On Thu, 17 Apr 2008, Andrew Lacey wrote:
I am doing some testing on a 2-node, active/standby RHEL 4 cluster with non-GFS shared storage. I am using HP iLO for fencing. I don't have a quorum disk set up. Both cluster nodes are connected to the same switch, and that network path is used for cluster communication as well as general network communication (including access to iLO). I've found that when the switch goes down and comes back up, the result is not desirable. As soon as the switch loses power, each node starts trying to fence the other. Since the iLO is not reachable, this is unsuccessful, but the nodes keep retrying the fence. When the switch comes back online, the "OK Corral" scenario takes place -- both nodes fence each other simultaneously and bring down the cluster.

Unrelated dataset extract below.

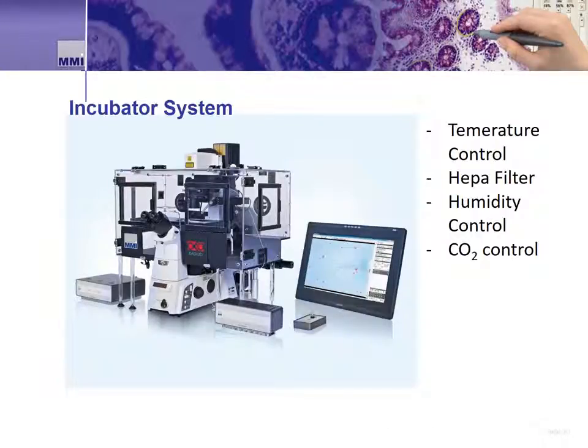For sensitive or longer term live cell dissection applications on the MMI CellCut, researchers may require a climate controlled system to keep the cells healthy and alive. For this, MMI offers an optional climate controlled, filtered, and CO2 controlled incubator for the CellCut system. The incubator is mounted onto the microscope and over the CellCut stage, giving researchers a way to conduct long-term dissection applications — for example, the dissection of several thousand cells over several hours.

I had a similar issue, but the solution I went for is doctoring the fencing agent to put in a delay based on node's priority in to the fencing daemon. That way the nodes wouldn't try to fence simultaneously, but in a staggered fashion.
If you have a spare NIC, and the nodes are next to each other, you could make them use a cross-over cable for their cluster communication, so they would notice that they are both still up even when the switch dies. That's what I do.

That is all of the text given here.